[Extracted data entries]

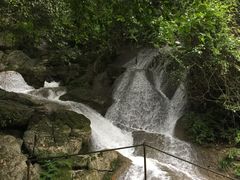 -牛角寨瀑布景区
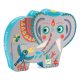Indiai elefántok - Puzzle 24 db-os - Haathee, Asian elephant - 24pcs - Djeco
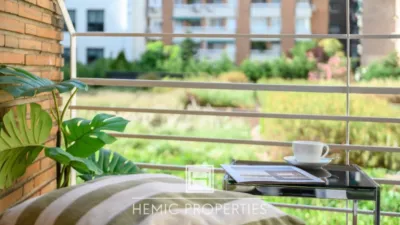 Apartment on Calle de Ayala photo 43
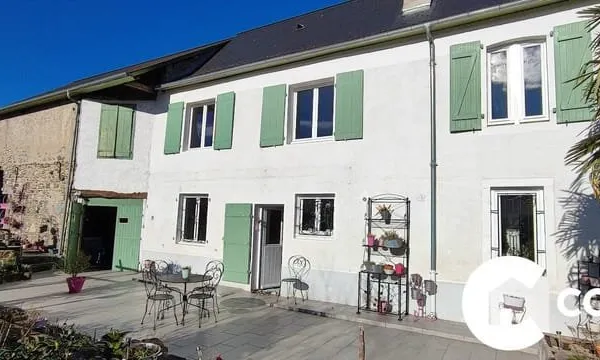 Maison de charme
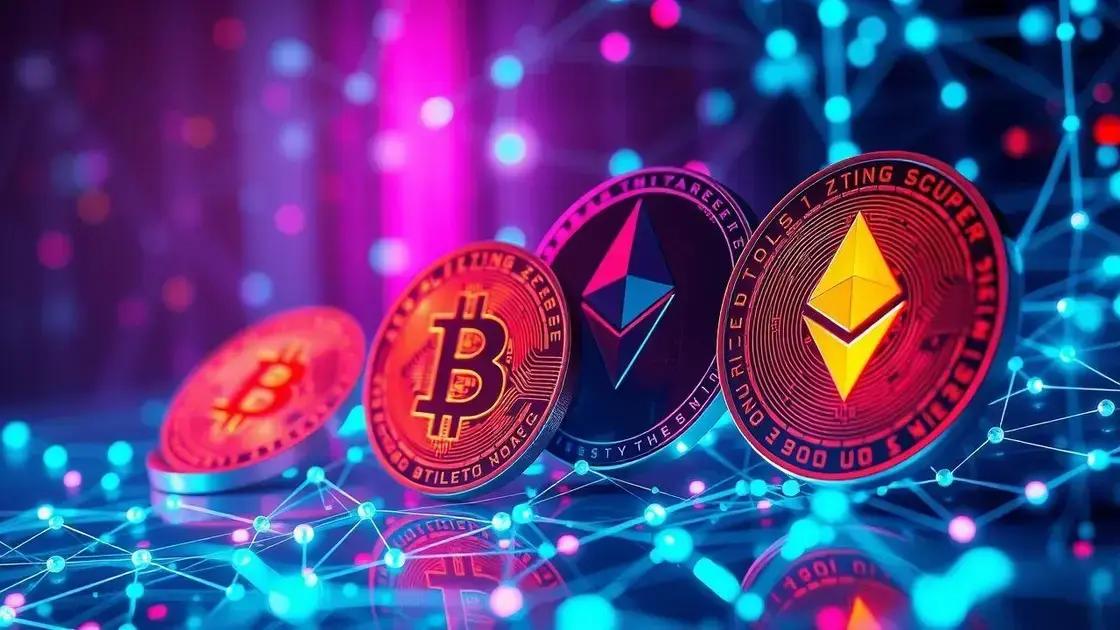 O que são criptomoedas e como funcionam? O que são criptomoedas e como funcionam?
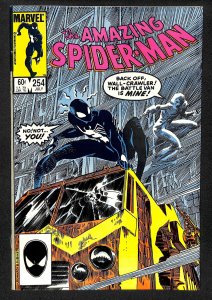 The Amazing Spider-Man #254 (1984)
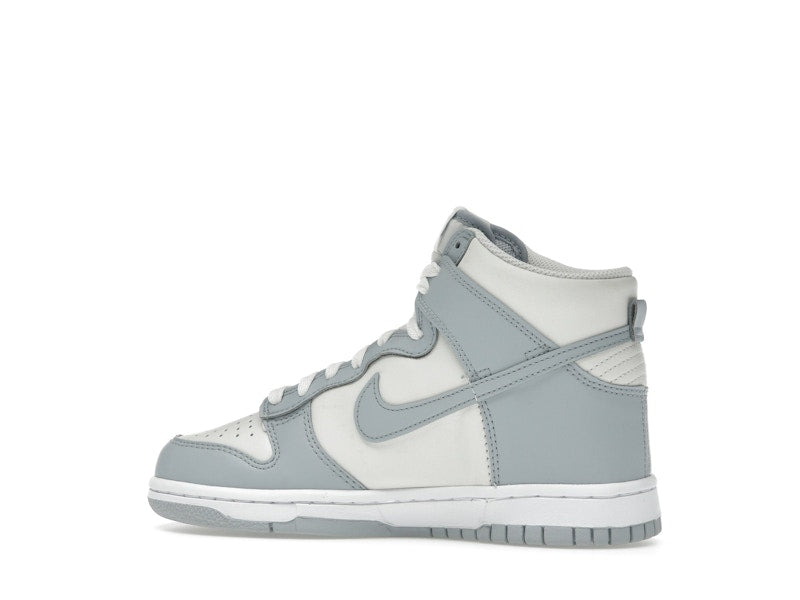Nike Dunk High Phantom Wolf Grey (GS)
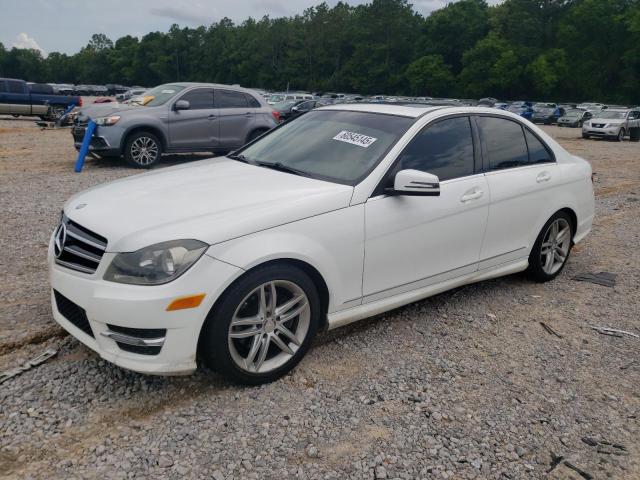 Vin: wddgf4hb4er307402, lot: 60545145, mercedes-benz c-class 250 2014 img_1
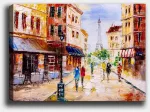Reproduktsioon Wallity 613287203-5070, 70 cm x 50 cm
* * *
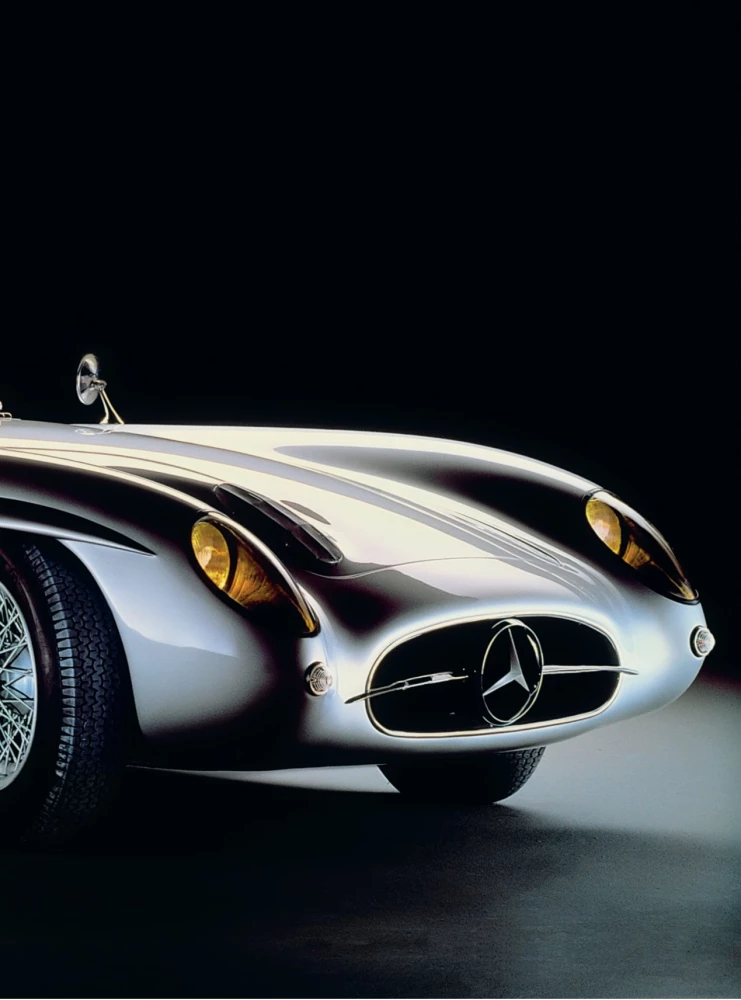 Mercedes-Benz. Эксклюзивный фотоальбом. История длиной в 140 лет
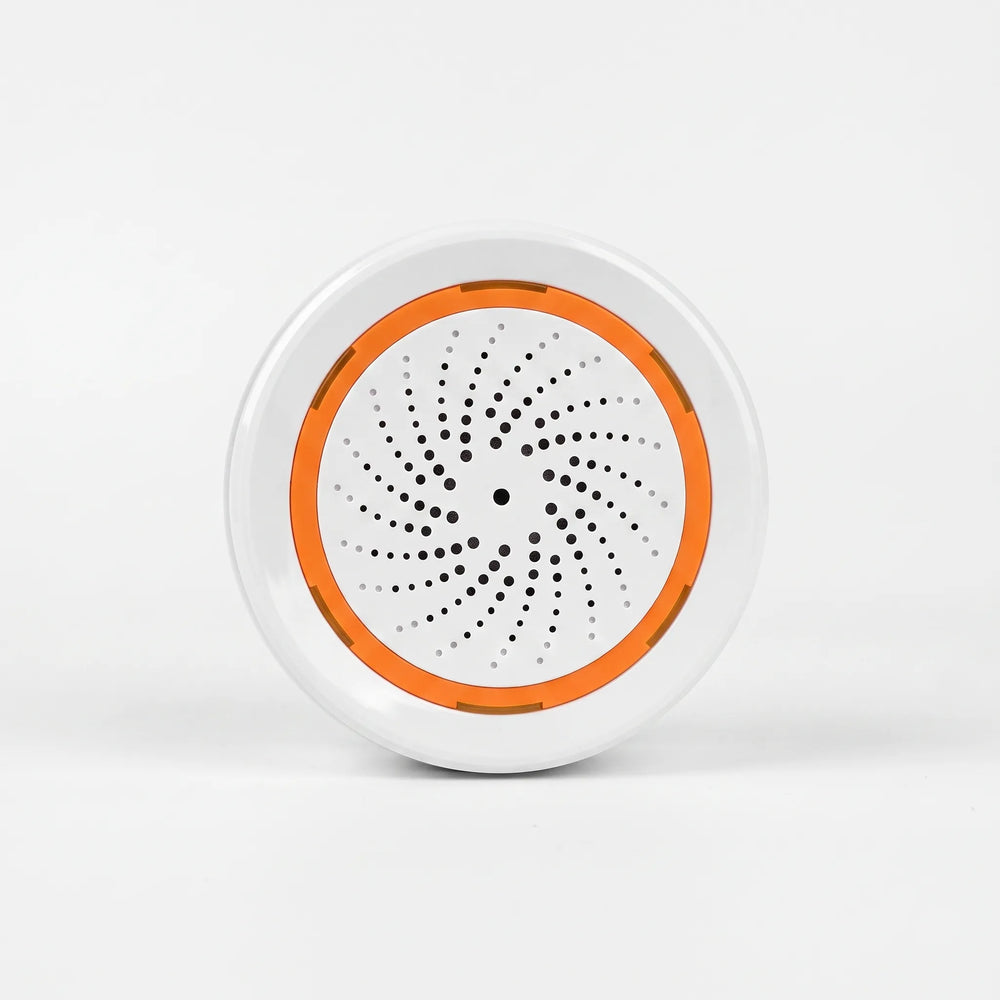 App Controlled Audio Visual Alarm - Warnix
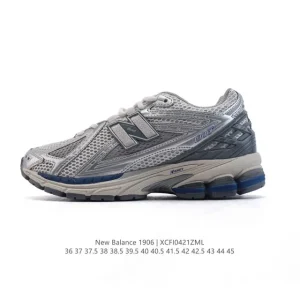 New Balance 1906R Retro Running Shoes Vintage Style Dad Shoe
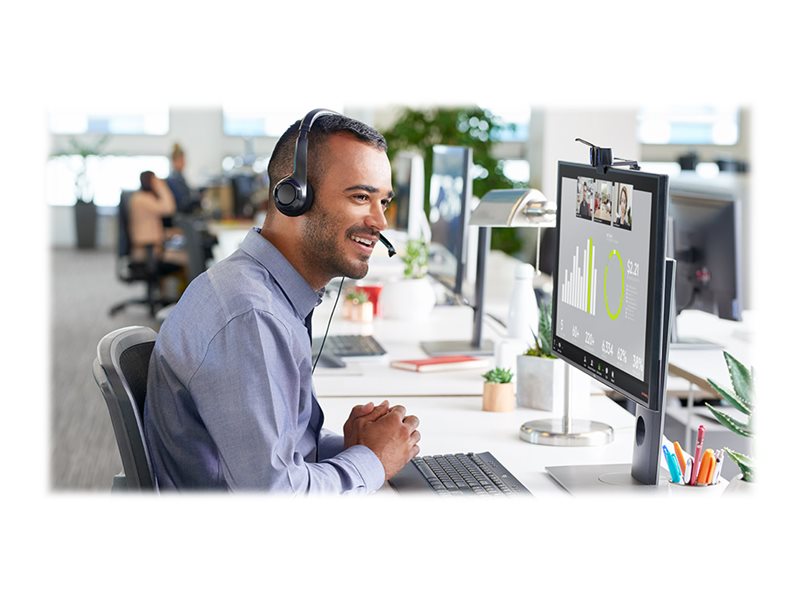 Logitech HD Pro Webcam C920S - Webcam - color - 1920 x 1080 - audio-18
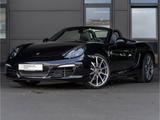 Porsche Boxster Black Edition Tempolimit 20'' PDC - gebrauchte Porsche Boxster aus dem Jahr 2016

#### Exercise objective:
Transcribe exactly the lines above, beginning at the one with "New Balance 1906R" and going up to and including the one with "Porsche Boxster Black". Pictures do not belong in the copy.

#### Output below:
 New Balance 1906R Retro Running Shoes Vintage Style Dad Shoe
 Logitech HD Pro Webcam C920S - Webcam - color - 1920 x 1080 - audio-18
 Porsche Boxster Black Edition Tempolimit 20'' PDC - gebrauchte Porsche Boxster aus dem Jahr 2016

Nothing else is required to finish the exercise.